EXERCISE INPUTS:

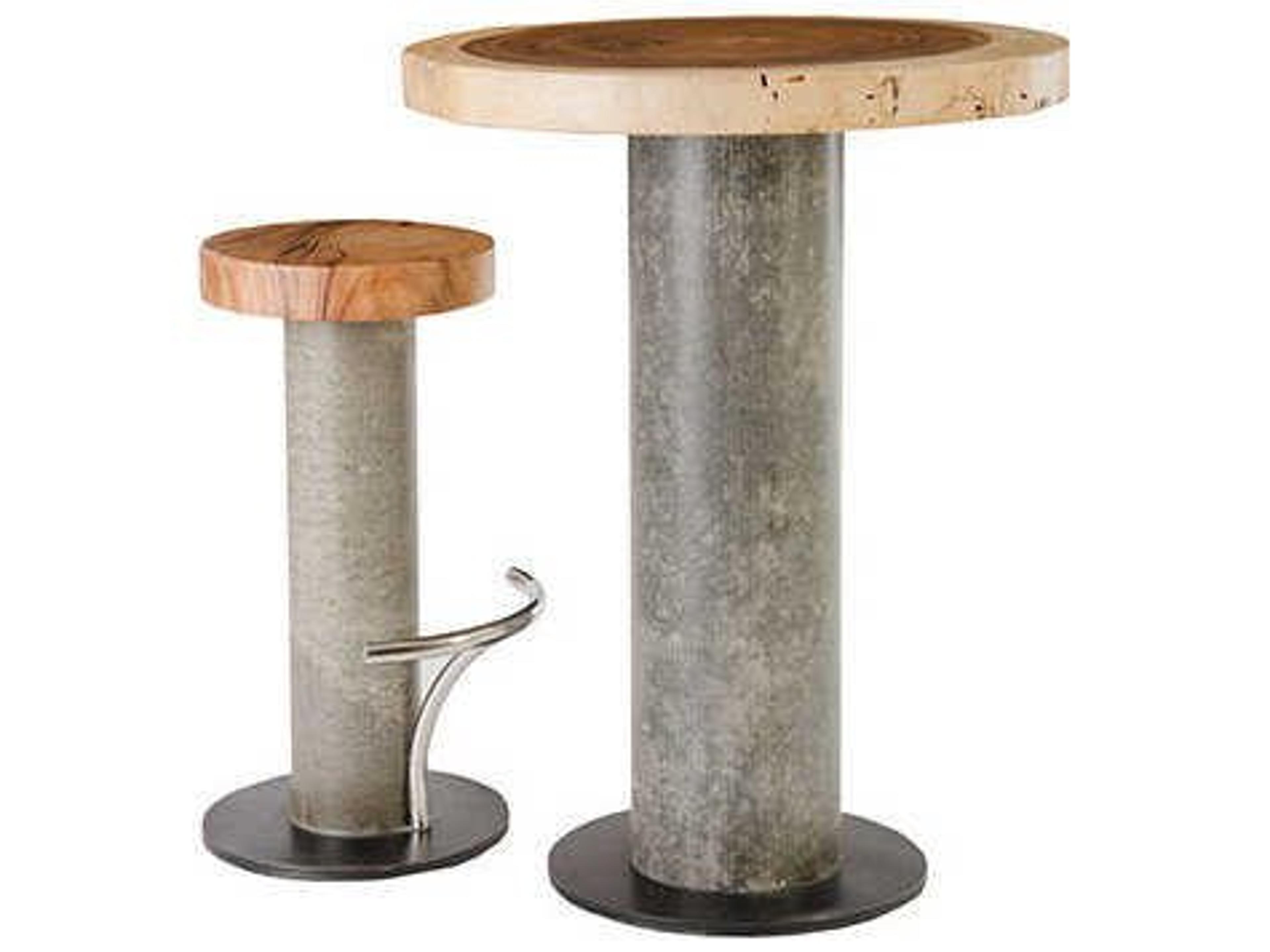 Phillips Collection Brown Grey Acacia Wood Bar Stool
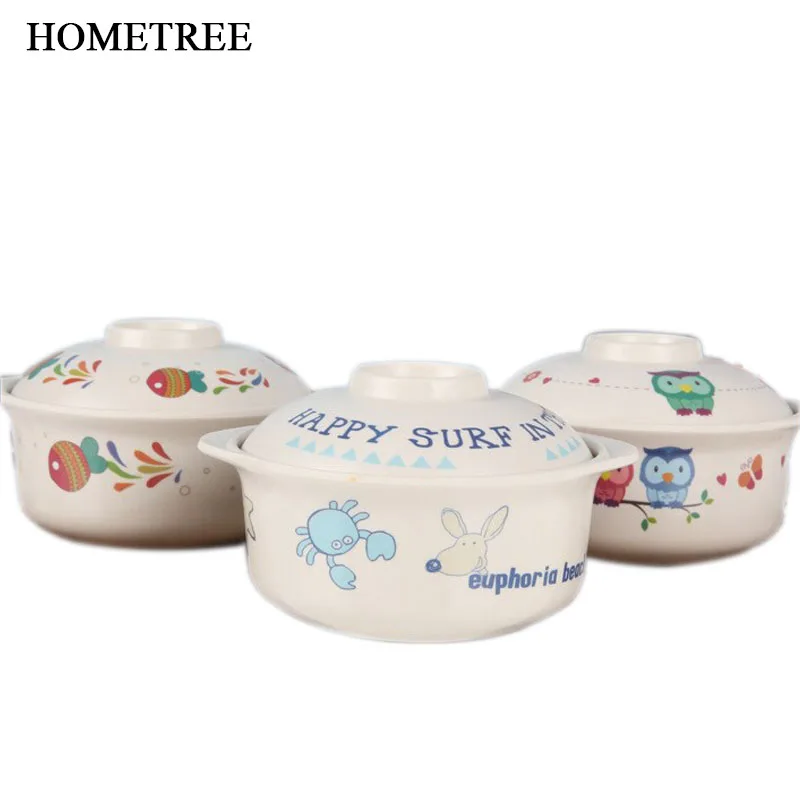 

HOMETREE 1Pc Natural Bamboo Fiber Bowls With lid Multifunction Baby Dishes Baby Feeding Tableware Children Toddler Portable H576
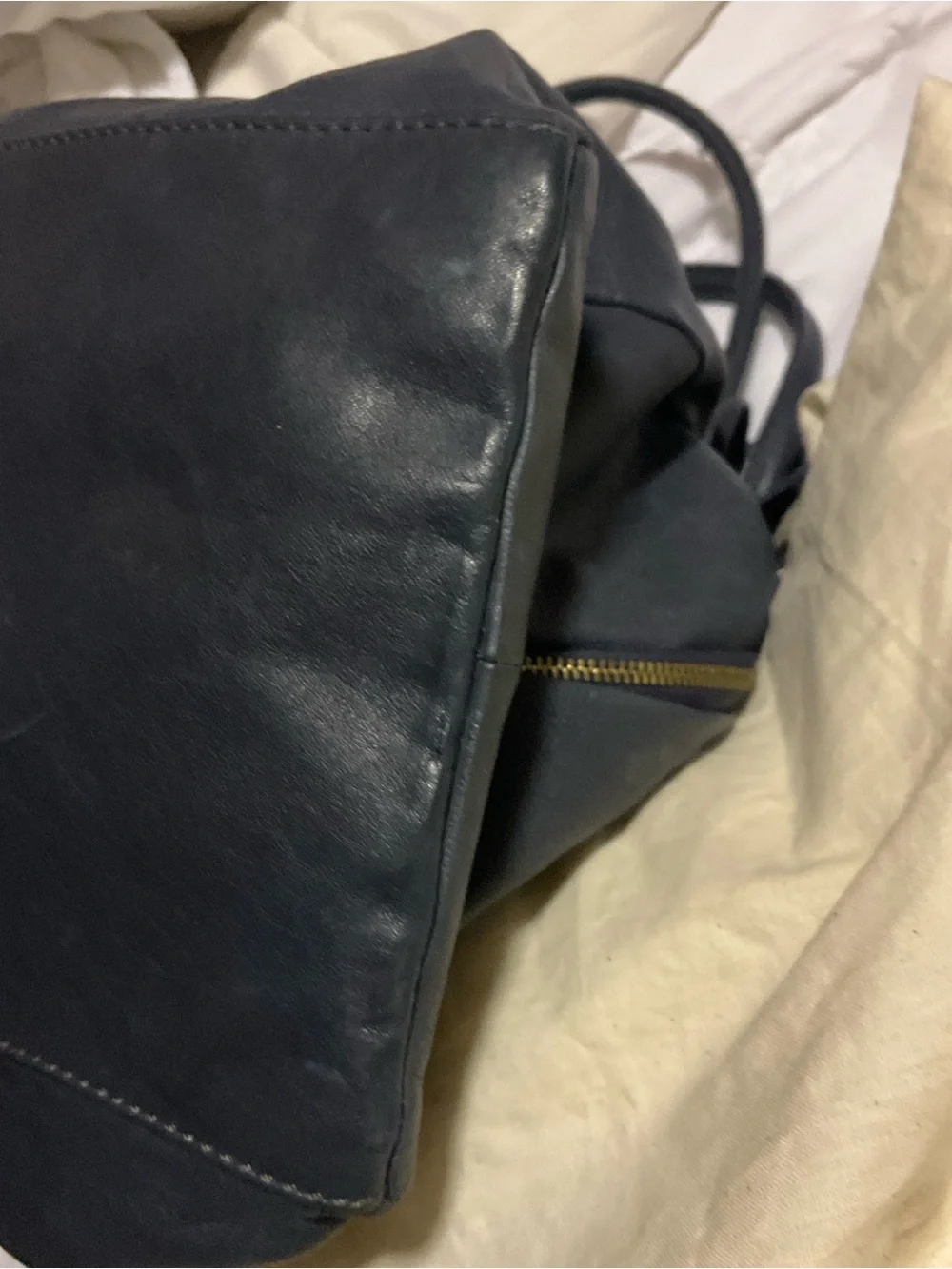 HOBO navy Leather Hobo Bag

...

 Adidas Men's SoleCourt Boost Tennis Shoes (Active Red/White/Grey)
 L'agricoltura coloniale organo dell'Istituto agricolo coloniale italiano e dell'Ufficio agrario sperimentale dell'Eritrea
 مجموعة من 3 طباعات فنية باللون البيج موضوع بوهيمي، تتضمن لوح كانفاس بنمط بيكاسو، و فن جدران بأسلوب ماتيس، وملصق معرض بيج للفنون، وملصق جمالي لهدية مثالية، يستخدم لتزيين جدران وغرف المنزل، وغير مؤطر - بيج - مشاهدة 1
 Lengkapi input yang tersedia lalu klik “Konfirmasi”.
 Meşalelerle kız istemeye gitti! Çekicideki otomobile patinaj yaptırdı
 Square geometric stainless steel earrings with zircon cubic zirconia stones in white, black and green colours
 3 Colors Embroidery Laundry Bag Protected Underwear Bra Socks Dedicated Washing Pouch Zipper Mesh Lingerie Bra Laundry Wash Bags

DIRECTIONS: Among the lines above, repeat exactly those from the line with "Lengkapi input yang" to the line with "3 Colors Embroidery", counting both ends.

WRITTEN ANSWER:
 Lengkapi input yang tersedia lalu klik “Konfirmasi”.
 Meşalelerle kız istemeye gitti! Çekicideki otomobile patinaj yaptırdı
 Square geometric stainless steel earrings with zircon cubic zirconia stones in white, black and green colours
 3 Colors Embroidery Laundry Bag Protected Underwear Bra Socks Dedicated Washing Pouch Zipper Mesh Lingerie Bra Laundry Wash Bags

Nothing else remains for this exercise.